Task prompt:
The number of lines holding the string "Luxury" is all that is wanted; count them in the records below.

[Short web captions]
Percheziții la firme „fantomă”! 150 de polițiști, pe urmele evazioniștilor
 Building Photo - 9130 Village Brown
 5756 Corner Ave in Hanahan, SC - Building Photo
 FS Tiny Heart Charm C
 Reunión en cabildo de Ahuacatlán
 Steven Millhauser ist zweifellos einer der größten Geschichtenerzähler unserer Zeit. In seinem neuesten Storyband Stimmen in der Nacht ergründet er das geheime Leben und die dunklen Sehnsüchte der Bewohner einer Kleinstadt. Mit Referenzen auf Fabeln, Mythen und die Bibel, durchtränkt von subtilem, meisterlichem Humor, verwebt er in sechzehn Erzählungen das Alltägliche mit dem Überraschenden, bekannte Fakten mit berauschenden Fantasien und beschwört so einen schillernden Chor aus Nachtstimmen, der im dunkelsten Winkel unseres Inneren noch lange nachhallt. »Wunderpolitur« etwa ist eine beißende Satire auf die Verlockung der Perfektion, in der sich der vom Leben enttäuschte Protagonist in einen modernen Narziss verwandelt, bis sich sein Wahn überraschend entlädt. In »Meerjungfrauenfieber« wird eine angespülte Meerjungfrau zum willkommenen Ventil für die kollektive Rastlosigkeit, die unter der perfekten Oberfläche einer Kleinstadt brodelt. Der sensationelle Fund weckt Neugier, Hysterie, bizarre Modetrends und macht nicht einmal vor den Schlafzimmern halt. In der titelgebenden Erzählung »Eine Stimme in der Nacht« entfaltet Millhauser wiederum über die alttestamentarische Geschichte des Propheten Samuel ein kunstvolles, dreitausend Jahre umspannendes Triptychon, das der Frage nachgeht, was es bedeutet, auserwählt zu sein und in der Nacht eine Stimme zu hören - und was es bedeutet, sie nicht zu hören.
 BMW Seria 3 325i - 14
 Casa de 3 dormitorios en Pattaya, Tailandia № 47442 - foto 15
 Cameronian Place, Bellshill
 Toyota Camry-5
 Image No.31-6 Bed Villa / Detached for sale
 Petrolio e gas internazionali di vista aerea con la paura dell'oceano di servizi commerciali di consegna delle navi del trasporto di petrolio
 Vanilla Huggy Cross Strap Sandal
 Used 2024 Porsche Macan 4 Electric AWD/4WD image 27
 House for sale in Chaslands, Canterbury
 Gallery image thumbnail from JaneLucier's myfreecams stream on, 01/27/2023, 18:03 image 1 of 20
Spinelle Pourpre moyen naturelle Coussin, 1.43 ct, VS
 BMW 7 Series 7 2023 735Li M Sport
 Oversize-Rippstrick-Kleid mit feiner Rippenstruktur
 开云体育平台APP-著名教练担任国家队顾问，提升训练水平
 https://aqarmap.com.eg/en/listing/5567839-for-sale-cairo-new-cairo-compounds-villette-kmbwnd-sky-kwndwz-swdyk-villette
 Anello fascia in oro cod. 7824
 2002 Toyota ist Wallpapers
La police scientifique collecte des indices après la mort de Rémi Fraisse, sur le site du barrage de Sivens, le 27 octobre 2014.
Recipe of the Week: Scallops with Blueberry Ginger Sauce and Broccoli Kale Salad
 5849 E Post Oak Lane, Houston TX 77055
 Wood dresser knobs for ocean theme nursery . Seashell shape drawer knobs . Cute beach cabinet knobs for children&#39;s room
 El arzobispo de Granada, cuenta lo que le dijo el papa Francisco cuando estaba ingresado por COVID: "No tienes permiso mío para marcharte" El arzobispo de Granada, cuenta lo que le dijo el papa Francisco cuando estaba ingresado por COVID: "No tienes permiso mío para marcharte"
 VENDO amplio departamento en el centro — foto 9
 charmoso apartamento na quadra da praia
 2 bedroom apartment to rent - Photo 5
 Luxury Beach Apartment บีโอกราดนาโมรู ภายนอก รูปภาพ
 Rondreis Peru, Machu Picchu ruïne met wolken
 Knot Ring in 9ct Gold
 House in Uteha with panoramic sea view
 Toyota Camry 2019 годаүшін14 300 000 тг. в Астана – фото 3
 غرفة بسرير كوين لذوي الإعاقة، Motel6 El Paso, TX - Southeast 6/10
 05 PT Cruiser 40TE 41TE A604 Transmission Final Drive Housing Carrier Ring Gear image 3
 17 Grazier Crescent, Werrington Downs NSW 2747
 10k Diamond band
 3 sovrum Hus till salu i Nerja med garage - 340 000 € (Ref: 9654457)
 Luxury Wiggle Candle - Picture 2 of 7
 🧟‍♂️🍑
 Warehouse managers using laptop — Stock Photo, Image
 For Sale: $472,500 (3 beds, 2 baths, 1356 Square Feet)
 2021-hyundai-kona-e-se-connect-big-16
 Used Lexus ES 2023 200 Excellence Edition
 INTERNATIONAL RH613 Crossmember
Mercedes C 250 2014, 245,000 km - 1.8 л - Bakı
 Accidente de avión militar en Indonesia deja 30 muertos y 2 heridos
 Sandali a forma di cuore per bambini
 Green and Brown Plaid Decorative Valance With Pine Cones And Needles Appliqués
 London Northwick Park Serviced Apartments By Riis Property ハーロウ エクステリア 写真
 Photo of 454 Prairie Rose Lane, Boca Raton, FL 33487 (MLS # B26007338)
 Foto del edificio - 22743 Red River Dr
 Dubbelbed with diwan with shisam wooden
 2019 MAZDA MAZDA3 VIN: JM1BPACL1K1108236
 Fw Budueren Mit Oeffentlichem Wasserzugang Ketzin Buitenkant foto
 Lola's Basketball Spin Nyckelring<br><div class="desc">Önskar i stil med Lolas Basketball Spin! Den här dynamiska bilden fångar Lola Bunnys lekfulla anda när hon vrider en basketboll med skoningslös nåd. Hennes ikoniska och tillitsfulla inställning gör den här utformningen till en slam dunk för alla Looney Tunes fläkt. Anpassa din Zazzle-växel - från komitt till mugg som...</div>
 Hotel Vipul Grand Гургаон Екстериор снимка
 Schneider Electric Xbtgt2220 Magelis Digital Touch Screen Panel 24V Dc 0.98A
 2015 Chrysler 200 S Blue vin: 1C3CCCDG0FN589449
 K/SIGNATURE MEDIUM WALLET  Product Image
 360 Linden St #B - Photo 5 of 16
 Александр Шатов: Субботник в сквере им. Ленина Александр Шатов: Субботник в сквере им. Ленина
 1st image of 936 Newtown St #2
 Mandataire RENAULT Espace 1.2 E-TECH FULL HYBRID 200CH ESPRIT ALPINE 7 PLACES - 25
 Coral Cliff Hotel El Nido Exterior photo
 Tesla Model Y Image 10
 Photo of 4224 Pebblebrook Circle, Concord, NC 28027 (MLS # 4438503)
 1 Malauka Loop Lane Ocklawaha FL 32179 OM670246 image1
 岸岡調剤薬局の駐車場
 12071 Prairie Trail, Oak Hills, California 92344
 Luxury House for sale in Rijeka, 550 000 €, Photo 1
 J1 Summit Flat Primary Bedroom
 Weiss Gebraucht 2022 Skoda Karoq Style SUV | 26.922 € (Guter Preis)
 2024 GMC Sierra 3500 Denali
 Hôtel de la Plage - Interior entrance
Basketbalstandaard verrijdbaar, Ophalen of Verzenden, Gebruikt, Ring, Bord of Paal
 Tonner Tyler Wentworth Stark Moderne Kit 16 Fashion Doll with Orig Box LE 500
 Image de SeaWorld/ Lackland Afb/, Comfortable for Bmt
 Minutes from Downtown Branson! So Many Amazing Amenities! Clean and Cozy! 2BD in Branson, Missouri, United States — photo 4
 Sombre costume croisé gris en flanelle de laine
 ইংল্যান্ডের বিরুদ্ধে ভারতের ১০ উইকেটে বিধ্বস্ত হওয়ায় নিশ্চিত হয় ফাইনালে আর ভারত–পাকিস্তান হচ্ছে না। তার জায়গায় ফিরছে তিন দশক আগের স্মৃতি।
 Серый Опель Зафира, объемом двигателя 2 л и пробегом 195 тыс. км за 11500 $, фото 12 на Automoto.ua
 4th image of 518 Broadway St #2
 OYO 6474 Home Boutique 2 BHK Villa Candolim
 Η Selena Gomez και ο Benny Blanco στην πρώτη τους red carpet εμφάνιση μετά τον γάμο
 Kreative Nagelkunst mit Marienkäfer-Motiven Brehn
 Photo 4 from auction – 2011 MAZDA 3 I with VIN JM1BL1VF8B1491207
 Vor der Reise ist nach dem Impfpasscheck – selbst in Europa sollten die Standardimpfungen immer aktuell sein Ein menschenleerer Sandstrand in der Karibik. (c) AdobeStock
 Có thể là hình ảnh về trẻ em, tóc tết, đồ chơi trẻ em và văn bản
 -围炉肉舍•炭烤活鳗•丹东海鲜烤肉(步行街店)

The completed task:
3